Он сел на груду сухого вереска и посмотрел на меня. Я быстро закрыл глаза, ибо пока еще не мог вынести усилия заставить свой разум столкнуться с ним.
— Пурга, — сказал он, зная, что я проснулся. — На улице никого нет — я прошел через город от дома к дому, и повсюду люди лежат, как и ты, молча, завернувшись в шкуры.
Я взглянул на крышу над нами: пучки вереска, заложенные сверху дерном и землей. Вереск и каменные стены были покрыты инеем.
— И пока ты стоял на пороге, — отозвался я, — ты видел, как поднимались головы, одна за другой, как при виде тебя блестели глаза, а затем гасли, когда люди снова проваливались в сон.
— Да. Снова проваливались в сон.
— Снова во тьму, из которой мы все приходим.
— Снова — к свету, из которого мы все приходим.
— Мне не снился свет, Джохор! Я приходил в себя из…
— Откуда?
— Из чего-то приятного и чудесного — я знаю это. Чего-то, к чему я стремлюсь.
— Свет. Мир ослепляющего света, весь как искрящееся чудо — где сверкают цвета, по которым ты так тоскуешь, — откуда ты пришел.
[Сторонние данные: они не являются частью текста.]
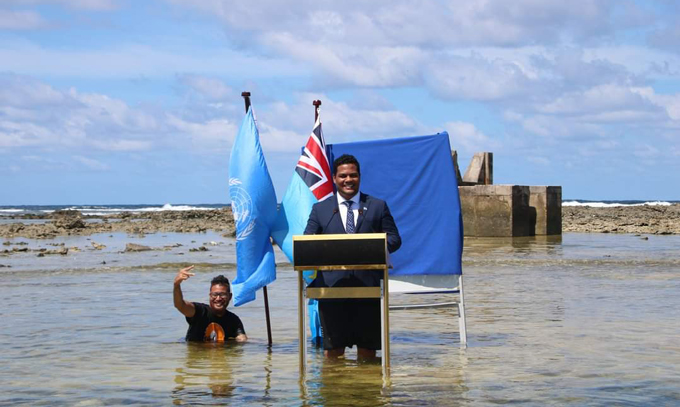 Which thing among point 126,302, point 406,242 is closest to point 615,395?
point 406,242

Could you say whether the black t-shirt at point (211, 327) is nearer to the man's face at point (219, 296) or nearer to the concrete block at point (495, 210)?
the man's face at point (219, 296)

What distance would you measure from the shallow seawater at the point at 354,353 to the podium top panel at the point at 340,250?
0.99 metres

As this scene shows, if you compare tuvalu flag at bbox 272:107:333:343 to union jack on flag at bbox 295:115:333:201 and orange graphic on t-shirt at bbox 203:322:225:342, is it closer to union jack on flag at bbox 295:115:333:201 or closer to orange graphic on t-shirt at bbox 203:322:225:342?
union jack on flag at bbox 295:115:333:201

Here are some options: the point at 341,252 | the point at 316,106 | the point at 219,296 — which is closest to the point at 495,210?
the point at 219,296

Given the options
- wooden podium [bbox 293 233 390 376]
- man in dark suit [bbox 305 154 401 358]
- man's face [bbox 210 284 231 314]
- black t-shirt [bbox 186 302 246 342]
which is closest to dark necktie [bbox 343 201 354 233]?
man in dark suit [bbox 305 154 401 358]

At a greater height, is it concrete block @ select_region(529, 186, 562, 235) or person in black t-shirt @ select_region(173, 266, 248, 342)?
concrete block @ select_region(529, 186, 562, 235)

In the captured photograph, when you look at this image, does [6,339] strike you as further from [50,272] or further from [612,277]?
[612,277]

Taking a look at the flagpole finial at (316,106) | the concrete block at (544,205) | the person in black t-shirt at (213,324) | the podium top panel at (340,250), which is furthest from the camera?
the concrete block at (544,205)

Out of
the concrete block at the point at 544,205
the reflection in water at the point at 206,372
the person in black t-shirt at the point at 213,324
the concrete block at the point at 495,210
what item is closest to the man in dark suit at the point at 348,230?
the reflection in water at the point at 206,372

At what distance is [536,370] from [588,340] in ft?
6.20

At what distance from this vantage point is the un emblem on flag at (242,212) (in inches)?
333

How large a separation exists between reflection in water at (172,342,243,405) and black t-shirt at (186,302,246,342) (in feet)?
0.26

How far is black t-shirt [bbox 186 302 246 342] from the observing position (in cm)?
938

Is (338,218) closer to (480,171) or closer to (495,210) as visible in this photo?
(495,210) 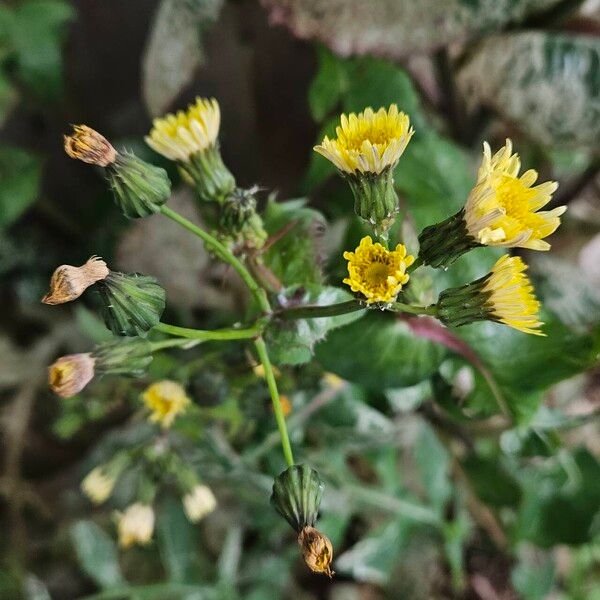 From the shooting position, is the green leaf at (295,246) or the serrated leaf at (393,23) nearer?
the green leaf at (295,246)

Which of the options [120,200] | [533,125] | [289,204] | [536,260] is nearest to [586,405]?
[536,260]

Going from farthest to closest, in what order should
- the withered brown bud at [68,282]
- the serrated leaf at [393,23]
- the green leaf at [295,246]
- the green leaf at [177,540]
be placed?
the green leaf at [177,540] → the serrated leaf at [393,23] → the green leaf at [295,246] → the withered brown bud at [68,282]

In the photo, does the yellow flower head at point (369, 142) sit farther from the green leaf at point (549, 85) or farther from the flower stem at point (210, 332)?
the green leaf at point (549, 85)

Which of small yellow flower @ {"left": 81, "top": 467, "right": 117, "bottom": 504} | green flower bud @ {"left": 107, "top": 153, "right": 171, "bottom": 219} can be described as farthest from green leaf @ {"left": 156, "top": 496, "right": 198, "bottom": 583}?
green flower bud @ {"left": 107, "top": 153, "right": 171, "bottom": 219}

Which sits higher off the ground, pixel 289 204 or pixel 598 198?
pixel 598 198

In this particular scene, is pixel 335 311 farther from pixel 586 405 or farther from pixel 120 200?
pixel 586 405

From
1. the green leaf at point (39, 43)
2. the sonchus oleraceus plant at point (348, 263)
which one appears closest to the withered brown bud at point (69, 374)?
the sonchus oleraceus plant at point (348, 263) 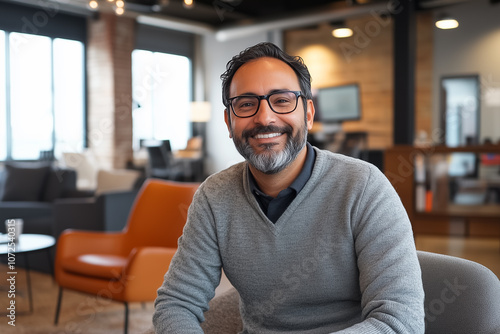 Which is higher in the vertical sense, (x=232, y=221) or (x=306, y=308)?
(x=232, y=221)

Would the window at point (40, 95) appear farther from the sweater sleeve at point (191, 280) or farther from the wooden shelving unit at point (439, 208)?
the sweater sleeve at point (191, 280)

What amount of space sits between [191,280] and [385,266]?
0.47 m

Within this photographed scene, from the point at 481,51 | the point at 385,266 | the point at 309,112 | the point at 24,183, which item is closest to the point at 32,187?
the point at 24,183

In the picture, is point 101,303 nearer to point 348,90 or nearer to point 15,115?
point 15,115

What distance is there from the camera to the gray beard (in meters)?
1.21

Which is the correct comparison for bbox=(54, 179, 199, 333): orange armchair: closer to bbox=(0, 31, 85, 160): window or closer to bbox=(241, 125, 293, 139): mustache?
bbox=(241, 125, 293, 139): mustache

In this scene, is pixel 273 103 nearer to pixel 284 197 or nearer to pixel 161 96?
pixel 284 197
— Это ты так считаешь, Джохор.
— И куда ты вернешься.
— Ах, но когда, когда, когда…
— Когда ты заслужишь, Доэг, — ответил он тихо, но достаточно твердо, чтобы заставить меня выскочить из шкур, выпрямиться и принять тяжесть своих членов, не желавших ощущать мой вес — вес жизни. Вес мысли…
Но я все-таки заставил себя сесть и посмотреть на него.
— А они, те несчастные люди, что жмутся друг к другу, мечтая о рае, что был им лживо обещан, — как они его заслужат? Как они наконец-то достигнут света — где бы он ни был, ведь ты не сказал мне этого, Джохор.
Он пристально посмотрел на меня и сказал:
— Представитель Доэг, когда ты лежишь и мечтаешь, воображаешь ли ты, что твои сны являются только твоими — воображаешь ли ты, что сны, порождаемые тобой, единственно твои? Считаешь ли ты, что когда ты приходишь в себя после мира снов, который, как ты полагаешь, с тобой никто не разделяет, — что твое осознание себя, это ощущение «Вот он я, вот Доэг» принадлежит лишь тебе, что больше никто не испытывает этого ощущения? Когда ты пробуждаешься с мыслью: «Это Доэг, это ощущение меня, Доэга», — сколько других в этот же самый момент просыпаются по всей планете, думая: «Это я, это ощущение меня»?
Мне было горько отдавать тот крохотный клочок, где я мог найти себе отдохновение, убежище — мысль «Это я, я, Доэг», — и я воспротивился. Я сказал:
— Не так давно я был проворным, стройным, смуглым и просыпался по утрам с мыслью: «Совсем скоро я выйду на солнце, и оно будет играть бликами на моей коричневой коже, и с ароматной мягкостью будет втекать в мои легкие и вытекать обратно воздух…» Вот это был я, тогда, вот это был Доэг. А теперь я толстый, грузный и сальный, с тускло-серой коричневатой кожей. Но я все еще Доэг — это ощущение сохранилось, — и вот теперь ты, Джохор, говоришь, что я и это должен выкинуть из головы. Очень хорошо, я не грациозное красивое животное, каким был, и я не этот неуклюжий ком. Но я все еще выныриваю из сна и ощущаю: «Вот он я». Я осознаю себя. «Тот, кто лежит здесь — это я, после стольких путешествий и приключений, случившихся во сне».